*** Opening Materials provided ***

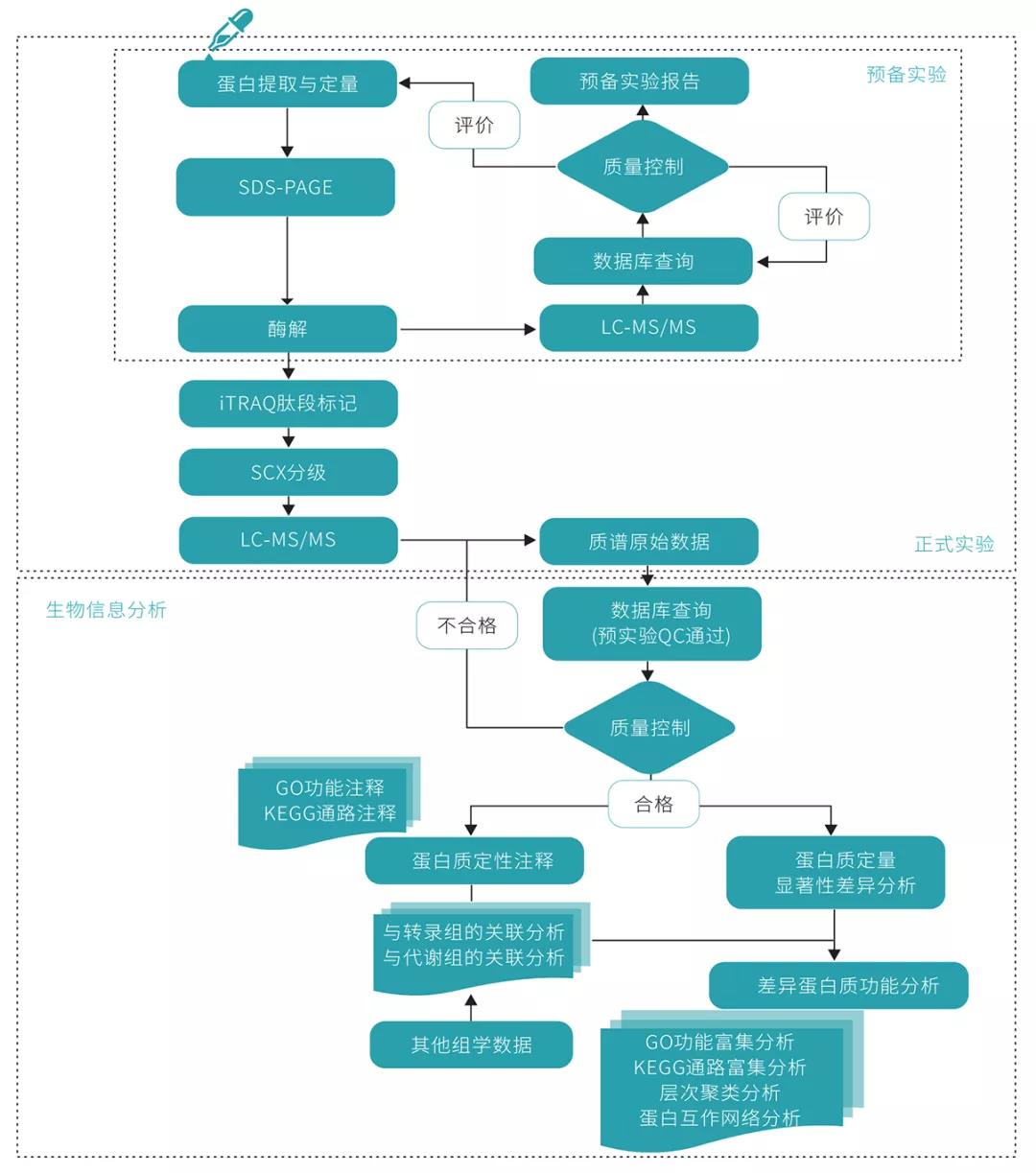 技术介绍 | 蛋白质组学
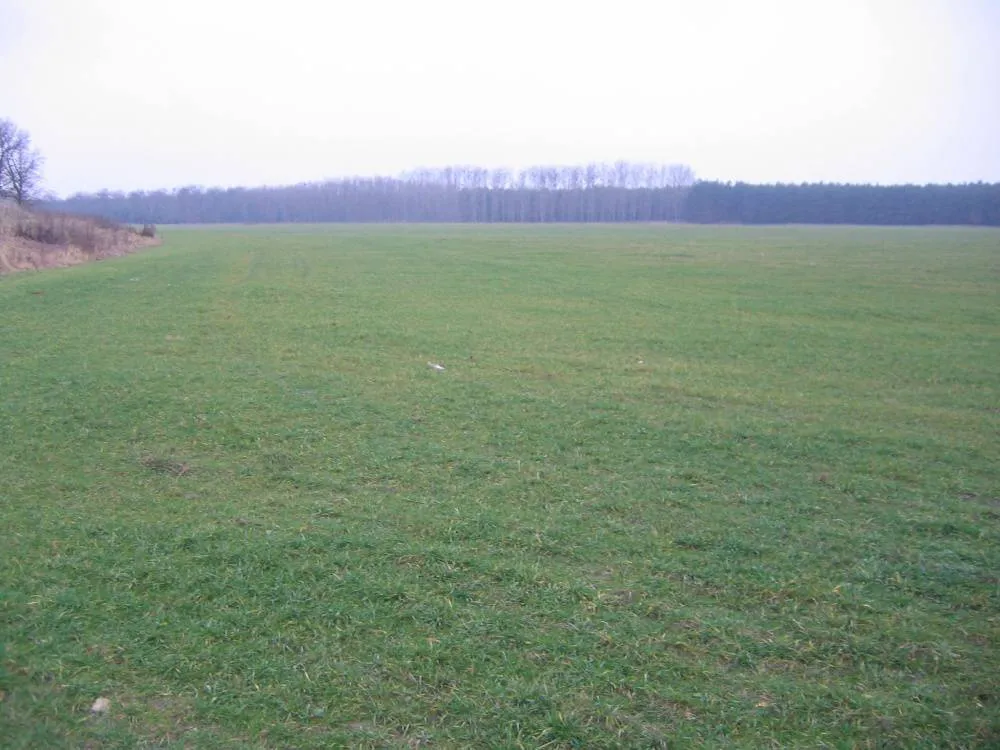 Renditeobjekt: ca. 18,5 ha Acker- und Grünland im Löwenberger Land – Bild 2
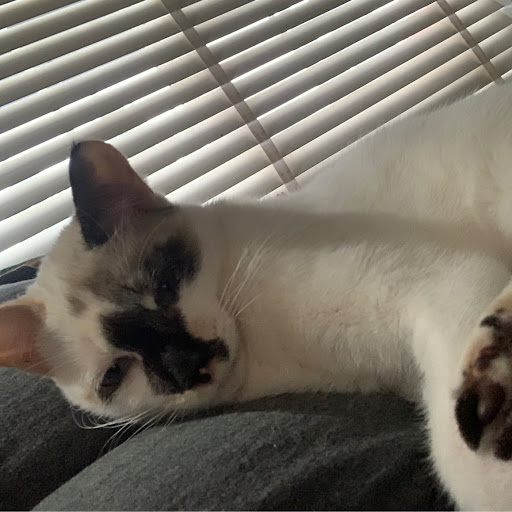 Debbie Lemon Photo 3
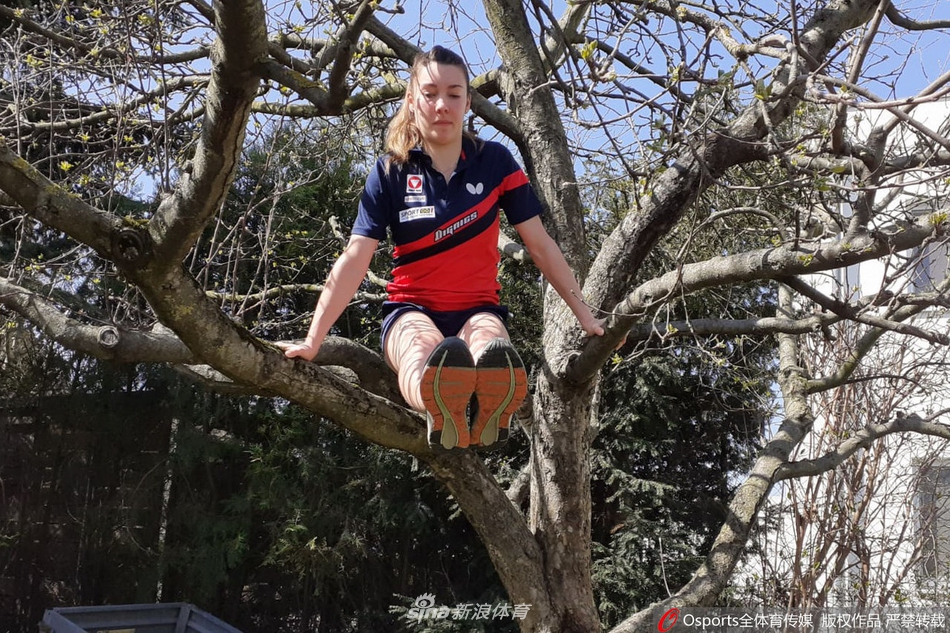 各路体育大神家庭健身各显神通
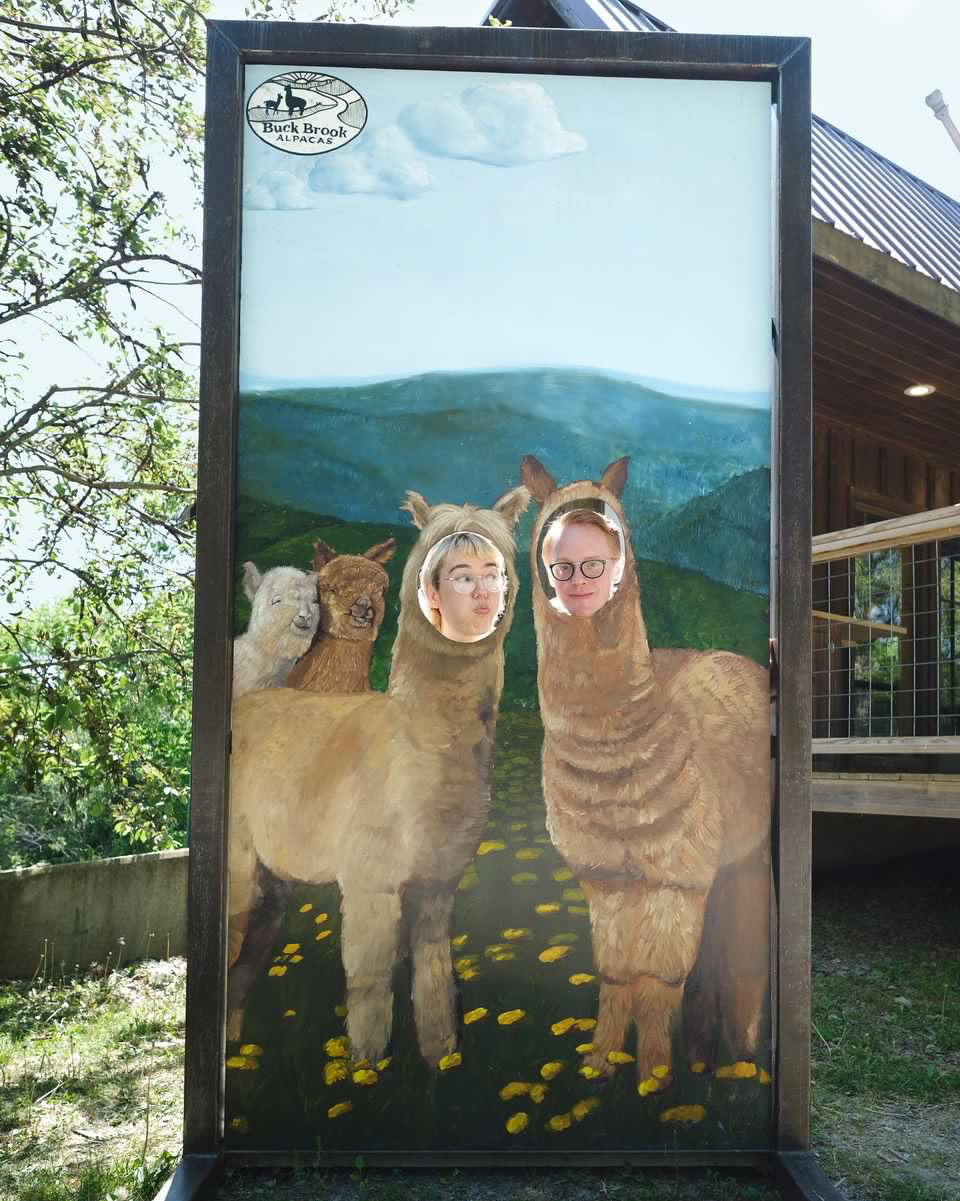 DO-IT-YOURSELF ALPACA PHOTO SHOOTS (Staff Member Assisted)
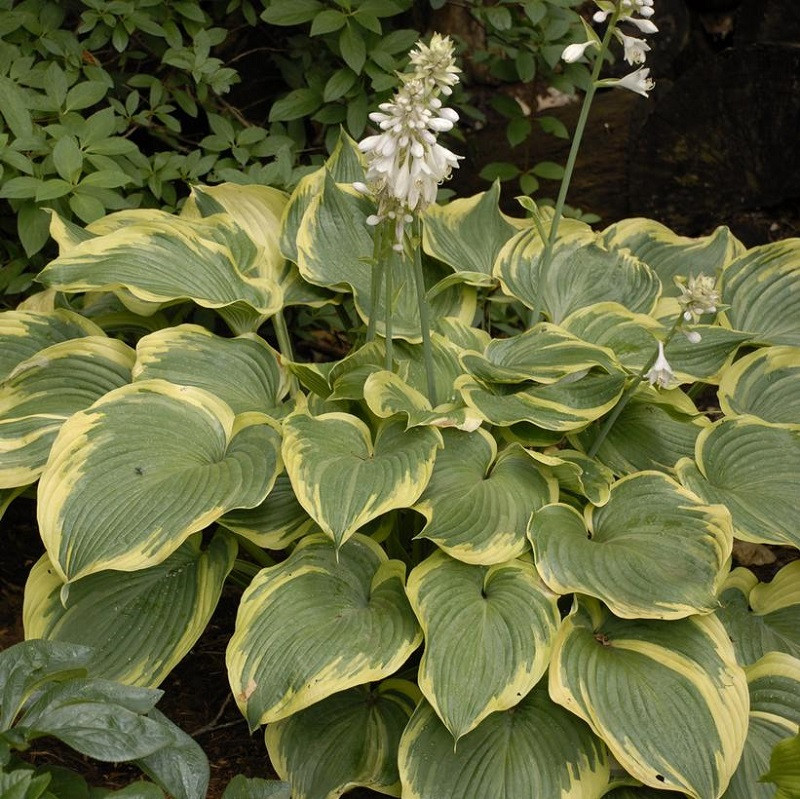 Plants that Work Earth Angel Hosta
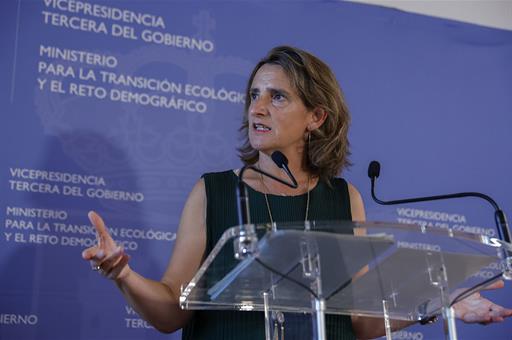 Teresa Ribera durante la rueda de prensa que ha ofrecido tras la reunión telemática con los responsables autonómicos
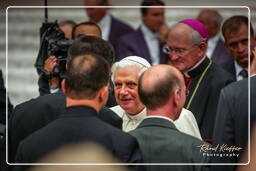 Papal audience (173)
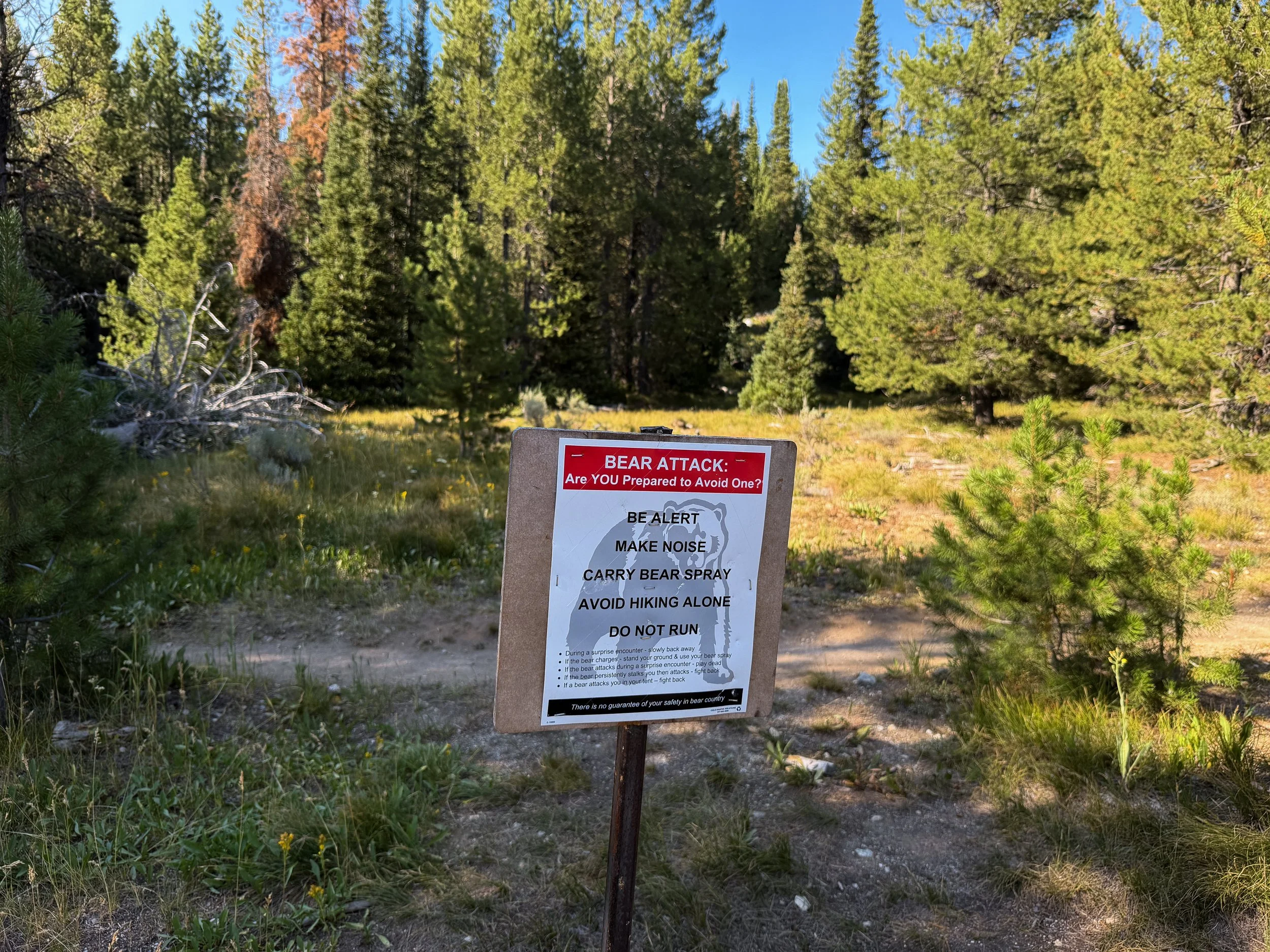 Moose Ponds Loop Trail Grand Teton National Park Wyoming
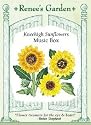 Kneehigh Sunflower Seeds - Musicbox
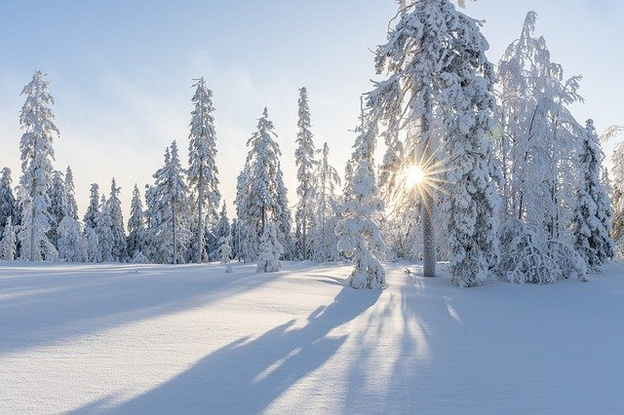 Морозы в Кировской области продержатся до выходных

*** Closing Materials provided ***

Everything in the records except the pictures is to be repeated exactly.

 技术介绍 | 蛋白质组学
 Renditeobjekt: ca. 18,5 ha Acker- und Grünland im Löwenberger Land – Bild 2
 Debbie Lemon Photo 3
 各路体育大神家庭健身各显神通
 DO-IT-YOURSELF ALPACA PHOTO SHOOTS (Staff Member Assisted)
 Plants that Work Earth Angel Hosta
 Teresa Ribera durante la rueda de prensa que ha ofrecido tras la reunión telemática con los responsables autonómicos
 Papal audience (173)
 Moose Ponds Loop Trail Grand Teton National Park Wyoming
 Kneehigh Sunflower Seeds - Musicbox
 Морозы в Кировской области продержатся до выходных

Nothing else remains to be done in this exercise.